Two TPU “Pods” in the center, with server racks on the side, deliver 11.5 TFLOPS each for Machine Learning. (Source: Google)

Google also announced the TensorFlow Research Cloud, a 1,000-TPU (4,000 Cloud TPU Chip) supercomputer delivering 180 PetaFlops (one thousand trillion, or one quadrillion, presumably 16-bit FLOPS) of compute power, available free to qualified research teams. While this is similar but significantly larger in concept to the Saturn V Supercomputer from NVIDIA, the Google Supercomputer is designed to support only Google’s own open-source TensorFlow Machine Learning framework and ecosystem, while Saturn V is available for all types of software.

While Google did announce jaw-dropping benchmarks, I believe the strategic implications for Google, the industry and NVIDIA are far more interesting.

Why is the Google TPU Strategic?

1. The cloud TPU demonstrates the potential for ASICs in Machine Learning

The first strategic implication for the industry is that Google has now demonstrated that an ASIC can deliver dramatic ML performance when placed in the hands of talented designers. And Google is making that technology available externally to accelerate the industry. The ML industry has an apparently insatiable appetite for performance, and this chip is very fast and scalable. This apparent success is also an important point to consider when we look to the upcoming launches of other ML ASICs, including Intel’s Nervana Engine, Wave Computing’s Dataflow Processing Unit, NVIDIA’s own DLA (more on that later) and others. Essentially, Google has built a chip that does one thing extremely well, focusing all the logic on the die to the math underlying the training and processing of neural networks. And by including a custom fabric to interconnect thousands of these chips together, Google can use and offer supercomputer-level performance at a fraction of the price of buying systems on the open market.

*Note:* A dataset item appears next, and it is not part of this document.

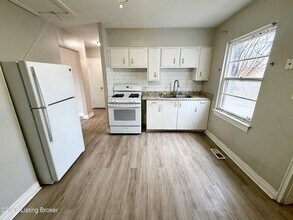 6509 Evangeline Ave in Louisville, KY - Building Photo - Building Photo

But building an ASIC isn’t for the faint of heart. First, an ASIC has limited functionality. For example, the Google TPU only supports TensorFlow, leaving the users of the other major AI frameworks, championed by Microsoft, Amazon, Facebook, etc., to run on GPUs. (Therefore, Google has also announced that it will offer the new NVIDIA V100 GPU’s in the Google Cloud.) ASICs are also expensive to develop; a complex design can cost in excess of $100M and take years to design and debug. (Google claims its effort was far smaller.)

So an ASIC like the TPU only makes sense if you can amortize those costs over significant volume, typically tens or hundreds of thousands of units. But Google needs that kind of volume, so the payoff could be swift and dramatic. Note that, because it can take so long to develop an ASIC, a chip’s design may miss the window of recent innovations in a fast-moving market like AI. This is why many datacenters, including Baidu, Amazon and Microsoft, prefer to accelerate key workloads with GPUs as well as FPGAs from Intel and Xilinx, which deliver high performance and power efficiency while retaining the flexibility to evolve the hardware on the fly as needed. And a talented design team can build a new FPGA in months, not years.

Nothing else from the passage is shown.